Betrieb & Gewerkschaft

Tarifbewegung M+E Industrie:

Jetzt streikt’s

"Jetzt streikt’s" titelte metall-extra in der vor dem Streikbeginn am 6. Mai bundesweit in den Betrieben verteilten Ausgabe. Der 6,5 Prozent Forderung der IG Metall stand zuletzt ein 3-Prozent-Angebot von Gesamtmetall gegenüber. Die IG Metall hatte Kompromissbereitschaft bei vier Prozent signalisiert. In den zur Urabstimmung gerufenen Bezirken Berlin-Brandenburg-Sachsen und Baden-Württemberg votierten 85-90 Prozent der streikfähigen IGM-Mitglieder für Streik. 75 Prozent sind nach IGM-Satzung erforderlich! Die Wahlbeteiligung lag im Südwesten über 96 Prozent.

Soweit 12 Stunden vor Streikbeginn zum Redaktionsschluss der LinX bekannt, werden bis zum Erscheinen dieser Ausgabe in drei Tarifgebieten im Südwestbezirk in 80 Betrieben die Belegschaften tageweise gestreikt haben. Flexi-Streik nennt die IGM das Konzept der roulierenden Streiks in diesem Arbeitskampf. Bestimmte Betriebe sollen mehr als einmal zum kurzen Streik aufgerufen werden. Kein einfaches Unterfangen bei der "Wenn Streik – dann richtig!"-Stimmung unter den Organisierten!

Ein wesentlicher Grund für das Flex-Streik-Konzept ist der von der CDU/CSU/FDP-Regierung 1985, gegen massiven Widerstand vor allem der IG Metall, zum Anti-Streikparagraphen novellierte § 116 Arbeitsförderungsgesetz, der heute unter § 146 im Sozialgesetzbuch III steht: Bei streikbedingten Produktionsausfällen in anderen Betrieben erhalten die dort von Kurzarbeit betroffenen Arbeitnehmer kein Kurzarbeitergeld vom Arbeitsamt. Kalte Aussperrung genannt! Es bleibt ggf. nur der Weg zum Sozialamt, mit dem bekannten "Kopfstand" bezüglich der familiären Einkommens- und Vermögensverhältnisse.
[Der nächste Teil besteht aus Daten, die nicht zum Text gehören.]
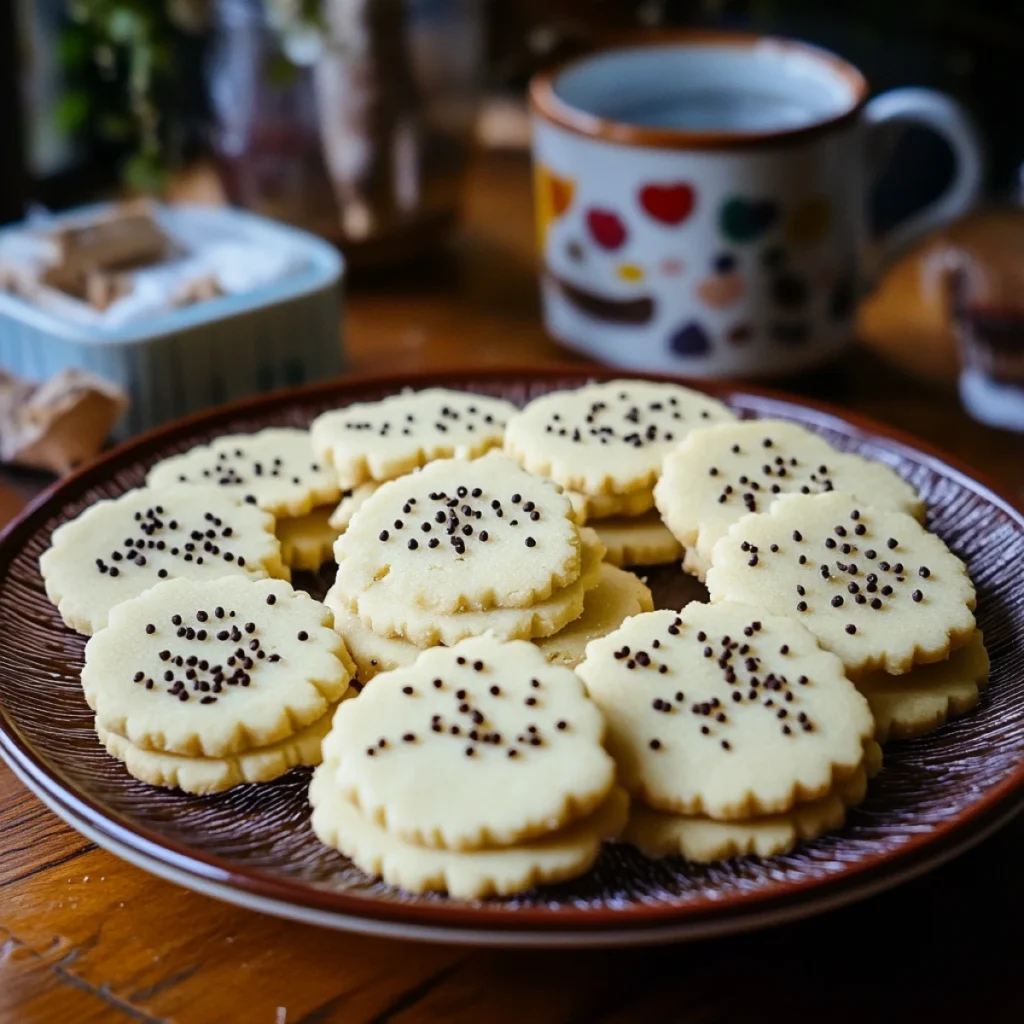 Why Do Spritz Cookies Spread?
Die amtierende SPD/Grünen-Regierung hat, der DGB Wahlhilfe zum Trotz, keine Rücknahme des Antistreikparagraphen in Aussicht gestellt!

Mit dem Flexi-Streik Konzept will die IG Metall Gesamtmetall Gründe (Logistikprobleme etc.) für Kalte Aussperrungen entziehen. Sollten die Kapitalisten stattdessen zum Mittel der Heißen Aussperrung greifen, hat die IGM vorsorglich mit einem "Flächenbrand" gedroht. Entgegen vorheriger Verlautbarungen hat Gesamtmetallpräsident Martin Kannegiesser, kurz vor der Urabstimmung, Gegenaussperrungen angedroht. Im Arbeitskampf 1984 in Hessen und Baden-Württemberg lag das Verhältnis von Streikenden zu Ausgesperrten bei 1:10!

Im Falle einer Streikausweitung über die beiden Tarifbezirke hinaus, könnte der schon favorisierte Bezirk Küste in die Urabstimmung gehen. Womit ein – in der letzten LinX schon prognostizierter – Streik in Kieler Metallbetrieben möglich wäre. So der IGM-Vorstand in Frankfurt so entscheidet. Die Streikleitungen der Betriebe sind im Nordbezirk benannt und geschult!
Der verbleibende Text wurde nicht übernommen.